The governor of Japan’s northern island of Hokkaido has approved the restart of the reactor, the first resumption of plants suspended since the nation’s nuclear disaster, AFP reports.
Harumi Takahashi said she would allow reactor number 3 at Tomari Nuclear Power Station on the island to resume operations under Hokkaido Electric Power Co. after local debate about its safety.
The reactor, which had been suspended for regular inspections, was supposed to resume operation in April, AFP reports.
It had been delayed in the wake of the nuclear crisis at the Fukushima Daiichi nuclear power station, which has leaked radiation since it was crippled by the March 11 earthquake and tsunami.
Almost three quarters of Japan's 54 reactors are now offline, mostly for regular safety checks, and many host communities have been reluctant to approve their restarts as anti-nuclear sentiment has grown in the quake-prone nation.
Prime Minister Naoto Kan has said he would like to phase out nuclear power in the long term, but for now the Ministry of Economy, Trade and Industry (METI) wants to resume reactor operations amid a summer electricity crunch.

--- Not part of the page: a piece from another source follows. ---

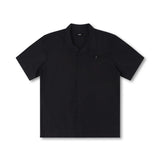 FORMER ROSE MARILYN SS SHIRT BLK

Atomic plants met about one third of Japan's energy needs before the quake disaster, and business groups have warned that power shortages spell a serious threat to industry in the world's third-biggest economy.

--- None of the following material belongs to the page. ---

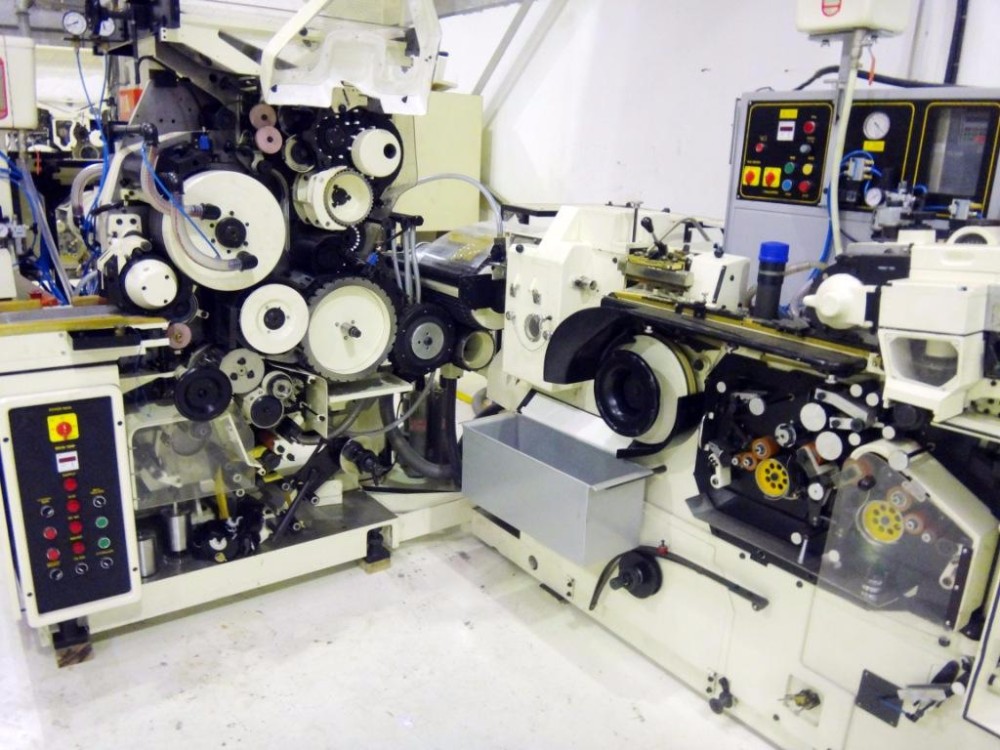 烟草包装机成套生产线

Only 15 of Japan's 54 reactors are operating. Most of the rest are undergoing safety checks, as residents resist restarts as anti-nuclear sentiment has grown, the Vancouver Sun reports.
Prime Minister Naoto Kan has said he would like to eventually phase out nuclear power but for now the Ministry of Economy, Trade and Industry (METI) wants to resume reactor operations amid a summer-time power shortage, it reports.